Empresa de Roupas Liberated Brands Declara Falência nos EUA
A Liberated Brands, empresa que administra lojas de marcas renomadas como Quiksilver, Billabong e Volcom, entrou com pedido de falência nos Estados Unidos. O pedido foi registrado no tribunal de Delaware, no último domingo (2), com base no Capítulo 11 da Lei de Falências americana. A empresa planeja fechar todas as suas lojas físicas no país.
Impactos e Fechamentos
Com sede na Califórnia, a Liberated Brands anunciou que irá encerrar suas operações nos EUA, enfrentando uma série de desafios econômicos, problemas na cadeia de suprimentos e uma forte concorrência das marcas de “fast fashion”. Segundo a empresa, “A equipe da Liberated trabalhou incansavelmente no último ano para impulsionar essas marcas icônicas, mas uma economia global volátil, mudanças nos gastos dos consumidores em meio ao aumento do custo de vida e pressões inflacionárias afetaram fortemente a empresa”.
De acordo com os documentos apresentados ao tribunal, a empresa decidiu fechar todas as 124 lojas físicas nos EUA, além de seus escritórios corporativos, resultando na demissão de quase 1,4 mil funcionários. O processo de liquidação já está em andamento, e mais de 100 lojas serão fechadas após a conclusão. A situação de nove lojas no Havaí ainda está em negociação.
Continuidade das Marcas
Apesar dos fechamentos, marcas populares como Quiksilver, Billabong e Volcom continuarão a existir. Essas e outras marcas são de propriedade do Authentic Brands Group, que fez parceria com a Liberated para licenciar as operações nos EUA. A Authentic confirmou que todas as licenças anteriormente detidas pela Liberated foram transferidas para novos parceiros antes do pedido de falência.

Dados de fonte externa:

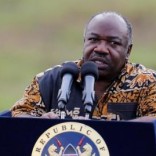 Gabon's President Ali Bongo Ondimba addresses the media at Nairobi National Park near Nairobi, Kenya, April 30, 2016.  REUTERS/Thomas Mukoya/File Photo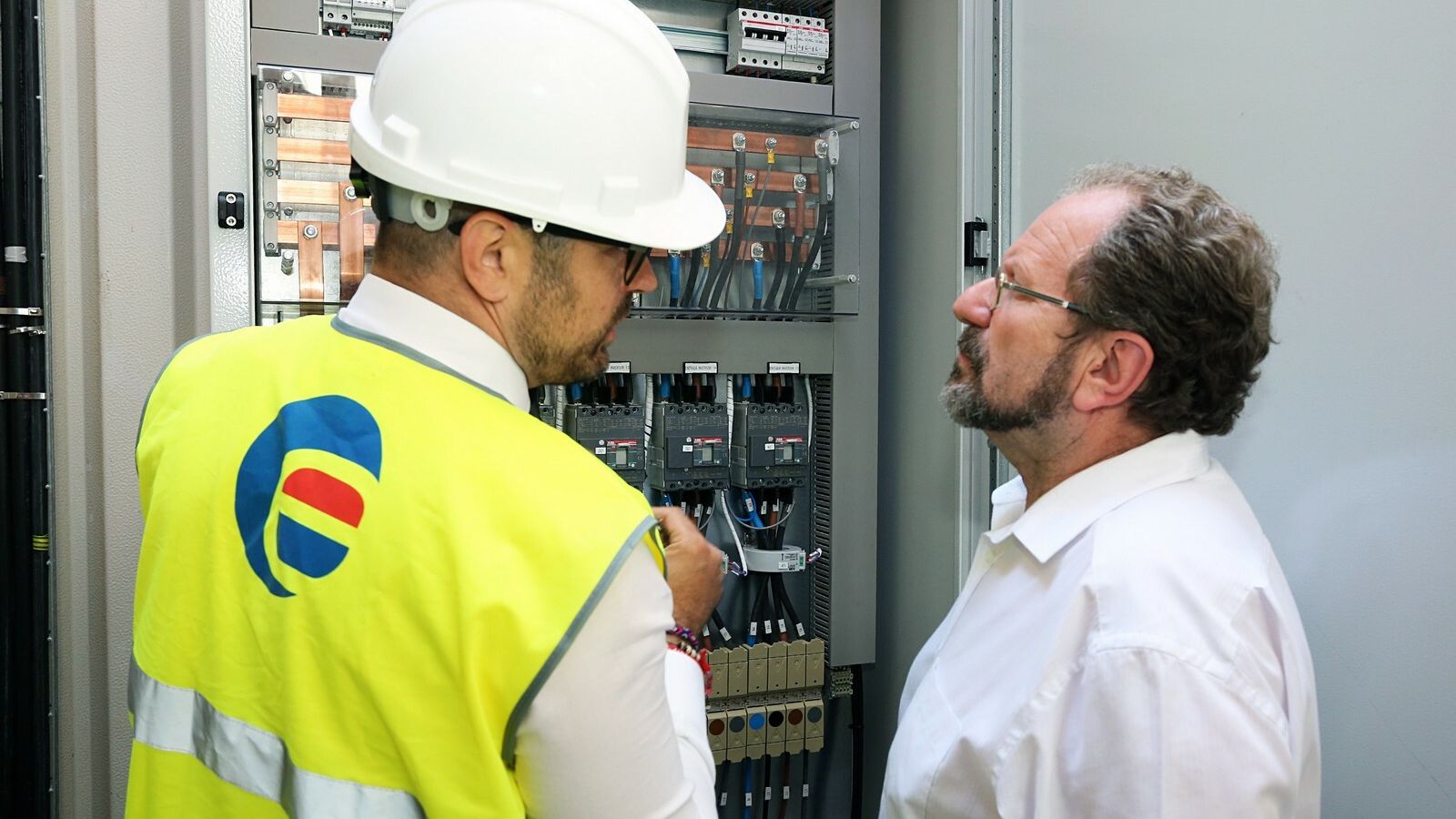 John Cortés con el ingeniero Alberto Nieto, de Eufón.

“Nós temos trabalhado de perto com a Liberated Brands para realizar uma transição cuidadosa das principais licenças para operadores confiáveis dentro da nossa rede”, afirmou David Brooks, vice-presidente executivo de esportes de ação da Authentic. Brooks acrescentou que a rede de lojas da Liberated nos EUA estava “superdimensionada” e “sobrecarregada com locais desatualizados e de baixo desempenho”. Ele sugeriu que, no futuro, as lojas físicas serão racionalizadas, possivelmente com uma presença mais forte por meio de lojas de departamentos ou plataformas de e-commerce.
Desafios Econômicos e Pandemia
Durante a pandemia de Covid-19, a Liberated Brands viu um aumento na demanda por roupas para atividades ao ar livre e de lazer. No entanto, a empresa enfrentou grandes desafios econômicos, como inflação, interrupções na cadeia de suprimentos e queda na demanda dos consumidores, conforme explicou o CEO da Liberated, Todd Hymel. Essa “combinação de choques macroeconômicos” resultou em uma “combinação fatal de receita significativamente mais baixa”.
Hymel destacou que o varejo físico continuou a enfrentar dificuldades após o aumento nas compras online durante a pandemia. Além disso, ele mencionou o impacto da “moda rápida” na indústria: “Os consumidores podem, de forma barata, rápida e fácil, encomendar roupas de baixa qualidade de gigantes de fast fashion e ter esses produtos entregues em questão de dias”, observou Hymel, apontando que a Liberated e outras empresas “sofreram com margens de lucro reduzidas após perderem parte de sua participação no mercado e poder de precificação para a fast fashion.”
Importante: A Liberated Brands vendeu roupas para clientes em mais de 100 países até o momento. Os documentos de falência indicam que a empresa opera atualmente sedes regionais na América do Norte, Europa, Japão e Austrália. Além de encerrar seus negócios na América do Norte, a empresa também prevê uma ou mais vendas de outras operações ao redor do mundo, “seja com continuidade operacional ou com base em liquidação.”